The City of Killeen has more than 1,300 employees focused on one mission: dedicated service—every day, for everyone. Under the leadership of the city manager, city employees carry out the daily work of providing municipal services to Killeen’s residents, businesses and visitors.

Essential city services include police and fire forces, water, sewer, street maintenance and garbage and recycling services. The city also provides animal services including an animal shelter, city planning, code enforcement, building inspections, human resources and a municipal court.

Killeen-Fort Hood Regional Airport offers three commercial carriers and 11 departures daily. Skylark Field accommodates private flights and provides hangar space. The Fly Killeen campaign reminds travelers to always check Killeen flights when booking travel for convenience and competitive fares.

Recreation abounds at the city’s 18 parks, two recreation centers, the Tommie Harris Fitness center, two senior centers, two hike and bike trails and Mickey’s Dog Park. For water enthusiasts, Killeen offers the Family Aquatics Center, Long Branch Pool and a spray pad. Golfers can enjoy Stonetree Golf Club, which features 18 holes, practice facilities, a pro shop and clubhouse. Killeen Civic and Conference Center and the Killeen Arts and Activities Center offer space for many types of events.
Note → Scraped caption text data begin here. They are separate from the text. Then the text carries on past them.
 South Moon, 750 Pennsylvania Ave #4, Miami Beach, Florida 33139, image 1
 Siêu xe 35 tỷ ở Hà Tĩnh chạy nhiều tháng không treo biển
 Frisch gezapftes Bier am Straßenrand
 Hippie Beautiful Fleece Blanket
Readers will find a large selection of printed and multimedia materials at two public libraries. For those wanting to get involved, volunteer services offers training, activities and volunteer matching throughout the year.

Revitalization of the city’s historic downtown has renovated seven blocks and brought new beauty and energy to the oldest part of Killeen. The first phase of the revitalization effort replaced sidewalks and roadways and added new decorative crosswalks, lighting and landscaping. New event plazas have brought first-time events into downtown and made annual events feel new again. Façade improvement grants, sign grants, tax abatement opportunities and more are available to new and existing businesses to promote further development. Downtown is bustling and ready for visitors!
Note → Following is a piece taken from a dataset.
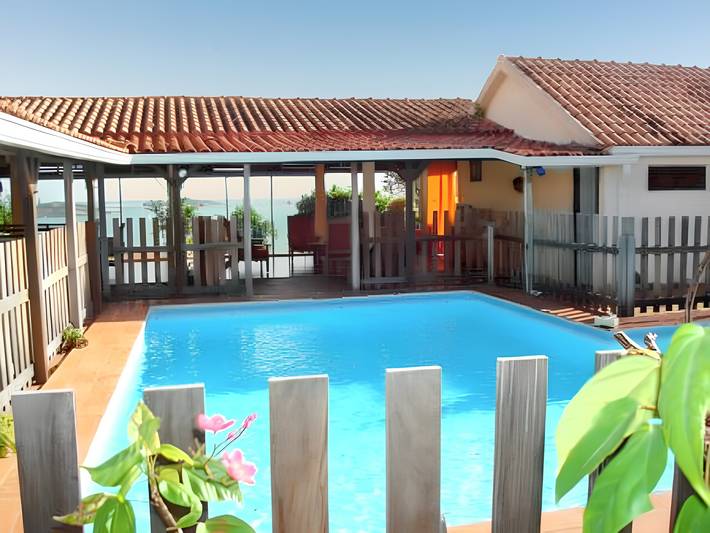 Location de vacances pour 10 personnes, avec piscine et terrasse à Le François - 2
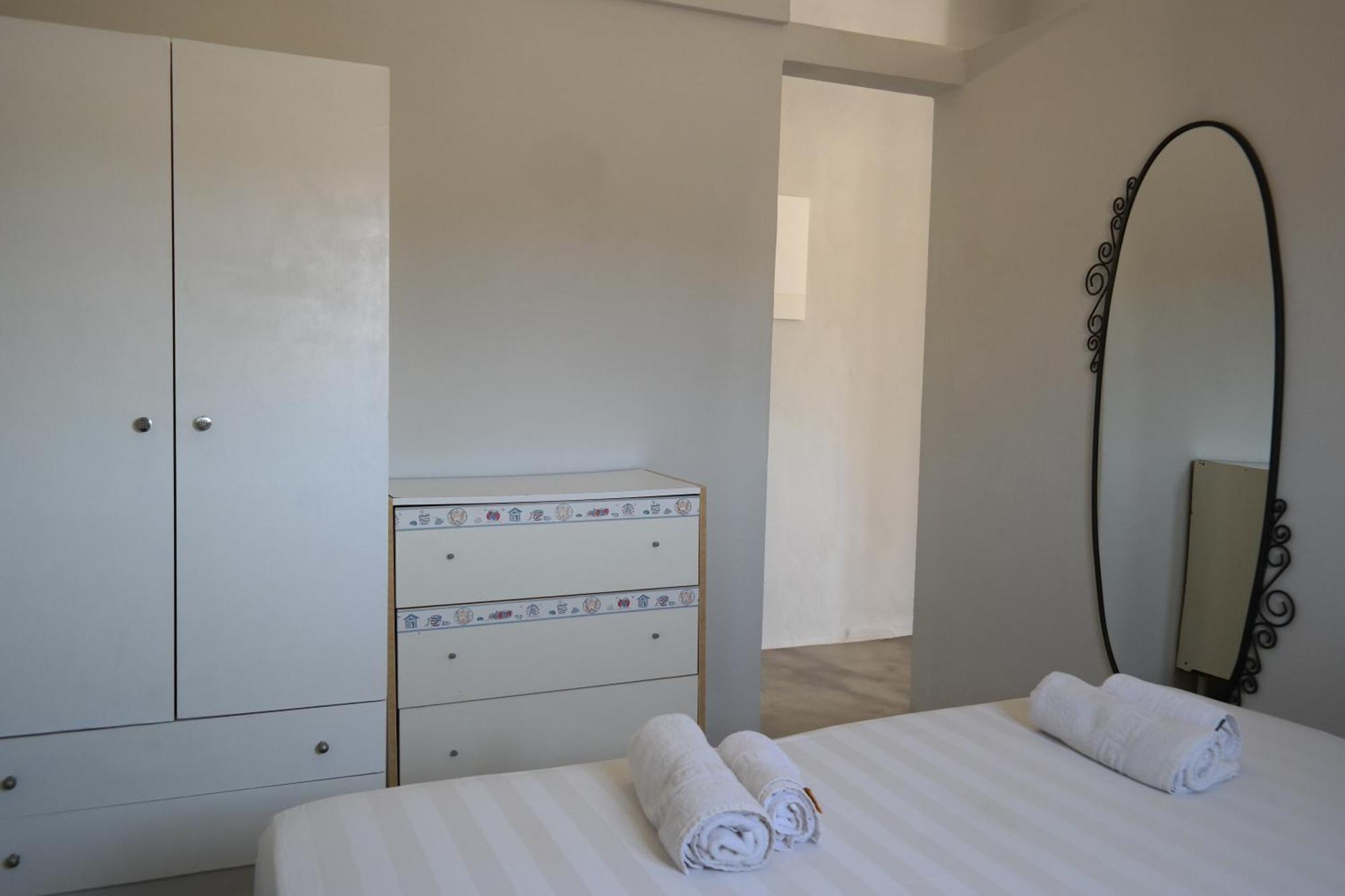 Drakkar Fira (Santorini)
Even with continued growth and a booming economy, Killeen continues to be one of most affordable places to live in the country. The cost of living in Killeen is almost 17% lower than the national average, meaning home buyers get more house for their money here. At $105,000, Killeen’s median home price is about 52% lower than the state average of $218,900, offering our residents plenty of options for quality, affordable housing.

If upscale living is what you are looking for, then Killeen has beautiful homes with plenty of space to stretch out. Some of the more luxurious homes in Killeen range from the low $300,000’s to the low $500,000’s. Most of these beauties feature acreage and an abundance of luxurious upgrades, pools and even guest houses all within minutes to the center of town. Buyers may need to add a few more zeros to the prices to get these amenities in a larger city! The area also continues to develop more quality apartment living communities with full feature amenities like workout rooms, pools and saunas, entertainment areas and private parking areas. Meet some of your neighbors or just relax after a hard day’s work without worrying about lawn care. The average rental prices are from about $600 to $1,500 a month, depending on the number of bedrooms.

Texas A&M University-Central Texas has attracted a host of developments in the south part of the city, not only in new homes but in new dining, retail and entertainment. Residents and visitors will also find highway expansion projects that easily connect to other parts of the city, the Killeen airport and neighboring cities, including Georgetown and Austin.